Boethius, [475-524] The Consolation of Philosophy, book two, says, “What murders, what ravages were not committed by Nero, that detestable monster who burnt the Capitol of the world, strangled its senators, poisoned his brother, ...” Here is a slight exaggeration Nero did not exactly ‘burn the Capitol of the world’, it was burnt in 69, in the battle for Rome well after Nero’s death and five years after Nero’s fire was supposed to have happened. There is no mention of the Christians taking the blame and being executed on mass for the crime.
And there is nothing for the next 1000 years of Christian or other literature connecting Nero’s fire and the Christian persecution. There is a biography of Nero which questions the Christian report of the fire. [Gerard Walter, Nero, George Allen & Unwin, London, 1957, chapter IX, ‘The Fire of Rome’, pp. 144-174.] Mr. Walter, casts doubt on the account of the fire in Tacitus’ Annals and notes the lack of contemporary evidence that connects the fire with the early Christians. As we have seen Pliny the Elder mentions it in passing, but no other contemporary pagan author even mentions a fire at all.
It is only Tacitus and Suetonius who mention Nero’s fire and they are writing for the same masters, the Flavians.
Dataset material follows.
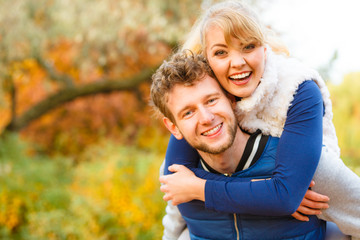 Man giving piggyback ride to woman in park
The Flavian emperors experienced fires in their reign. The Capitol was burnt in Vespasian’s successful bid for the purple; and his son, Titus, had a disastrous fire in his time. But, the Flavian writers play down these events while exaggerating Nero’s fire. Especially the Tacitus passage seems more like propaganda than an accurate report of a widespread conflagration, which, incidentally, is not historically nor archaeologically verifiable. Suetonius mentions Nero’s fire but does not connect it with the Christians, he blames Nero without qualification.
Both Gerard Walter and I think that Nero has suffered from extremely ‘bad press’. Reading between the lines we can find evidence that, contrary to the stories of his enemies, Nero was quite popular for his good works. The population reacted favourably to the several ‘false’ Nero’s who impersonated him after his death, mentioned in Tacitus H. II, 8, 9, Suetonius, Nero, 57. and Dio Cassius, 64. 9.
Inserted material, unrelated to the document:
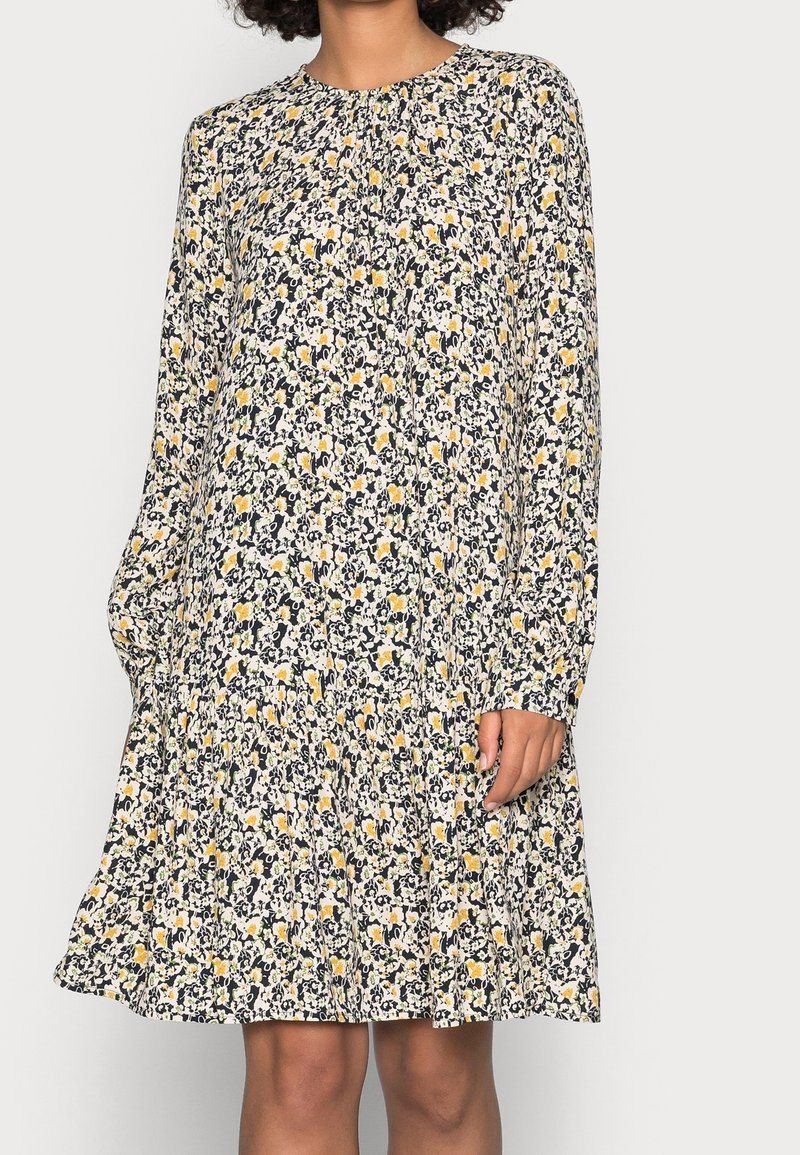 Femme portant une robe à manches longues, longueur genou, avec un motif floral dense en noir, blanc et tons jaunes sur un fond clair.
Both Otho and Vitellius were happy to be known as ‘Nero’. There is a fair amount of evidence of Nero’s good rule and works, if we ignore the outrageous slanders Nero suffered from the time of the Flavians throughout history. [‘Nero’, pp. 255-256] He could be rehabilitated.
More interesting is the fact that no early Christian writer mentions the fire, and the Christian connection for over 1.300 years. This is not an argument from silence as they had plenty of good reasons to use the evidence if it existed. For example, Augustine wrote a whole book on the disasters of Rome under the pagan emperors, yet he nowhere mentions Nero’s fire and persecution. Eusebius, the church historian, likewise does not record the incident nor the connection with the early Christians.